Provided entries.
___

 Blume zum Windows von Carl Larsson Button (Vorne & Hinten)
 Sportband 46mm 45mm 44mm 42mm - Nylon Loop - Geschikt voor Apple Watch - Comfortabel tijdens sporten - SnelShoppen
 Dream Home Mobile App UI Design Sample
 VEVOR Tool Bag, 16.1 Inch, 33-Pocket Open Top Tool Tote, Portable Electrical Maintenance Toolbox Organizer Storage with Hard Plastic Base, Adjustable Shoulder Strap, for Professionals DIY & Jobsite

___

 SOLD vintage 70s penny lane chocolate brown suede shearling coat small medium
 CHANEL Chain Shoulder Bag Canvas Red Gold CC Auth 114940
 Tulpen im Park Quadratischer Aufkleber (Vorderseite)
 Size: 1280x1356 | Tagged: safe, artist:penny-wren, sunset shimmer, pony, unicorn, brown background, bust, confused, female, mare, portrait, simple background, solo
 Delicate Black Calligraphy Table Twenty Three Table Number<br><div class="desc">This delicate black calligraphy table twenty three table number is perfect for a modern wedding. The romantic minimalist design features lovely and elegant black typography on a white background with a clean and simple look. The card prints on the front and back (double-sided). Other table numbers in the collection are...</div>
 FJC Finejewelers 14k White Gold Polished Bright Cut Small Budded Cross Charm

___

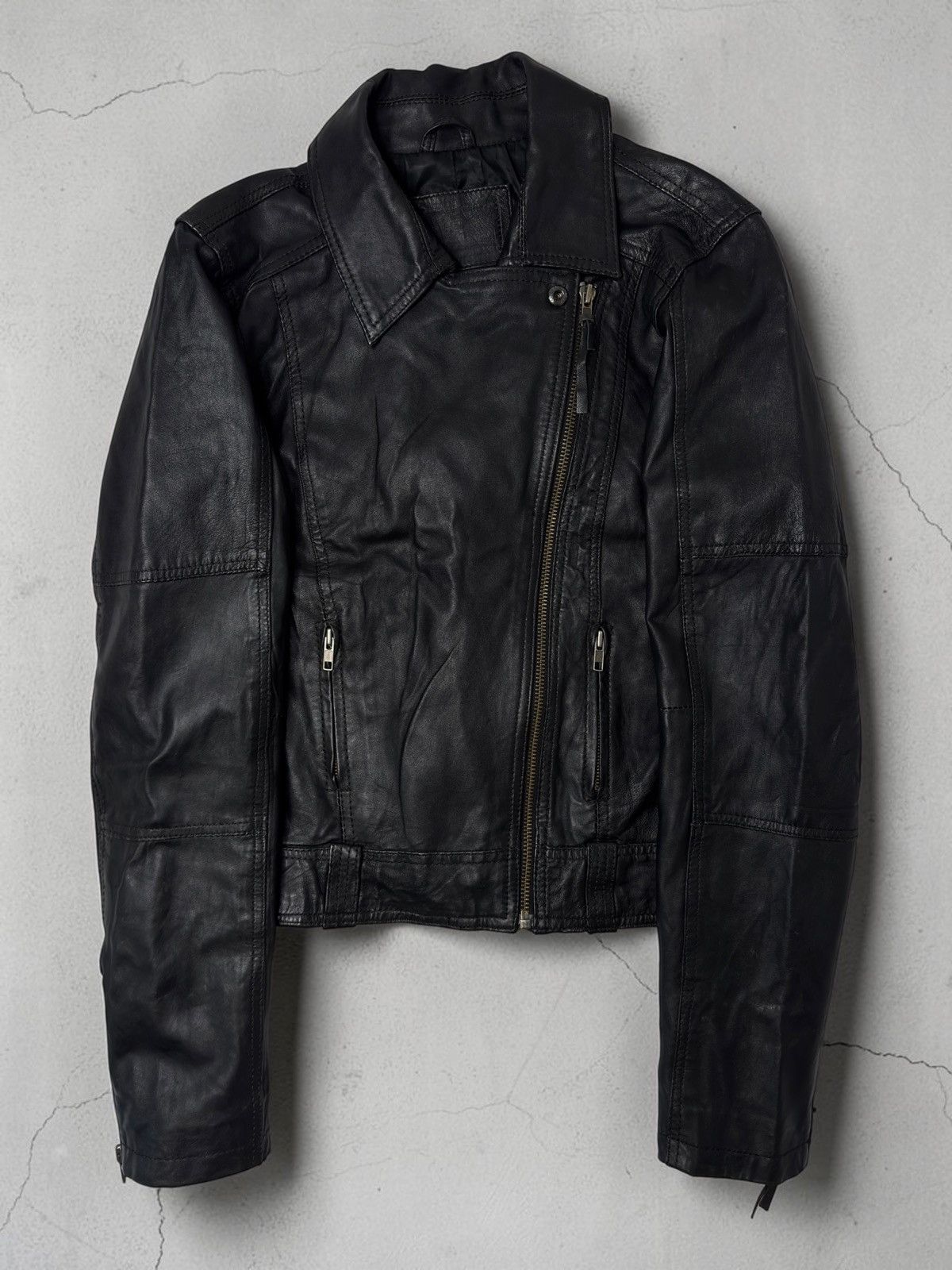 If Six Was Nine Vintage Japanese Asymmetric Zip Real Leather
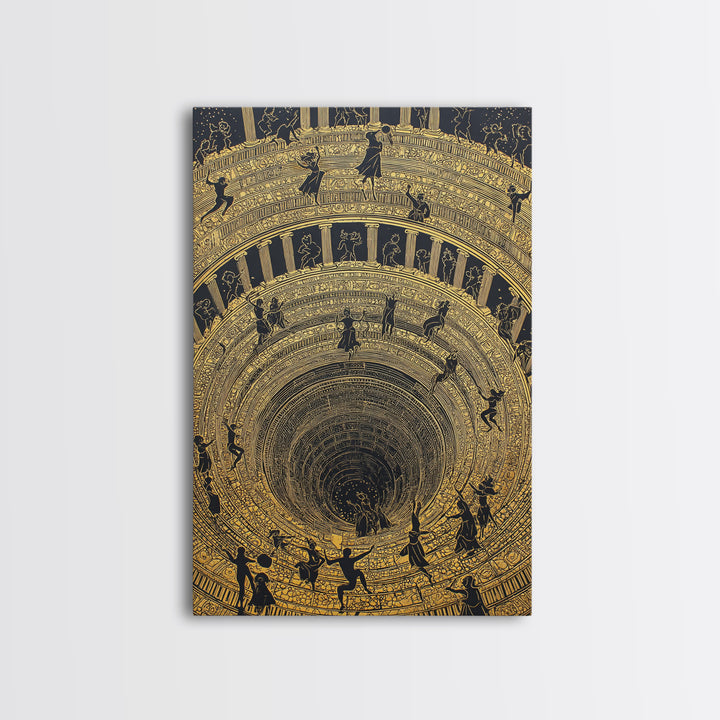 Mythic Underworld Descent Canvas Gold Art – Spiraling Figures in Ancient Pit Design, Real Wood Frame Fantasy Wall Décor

___

What is being asked. Counting every line of the records above that has the word "Shoulder", state the total and give nothing besides it.

Reply. 2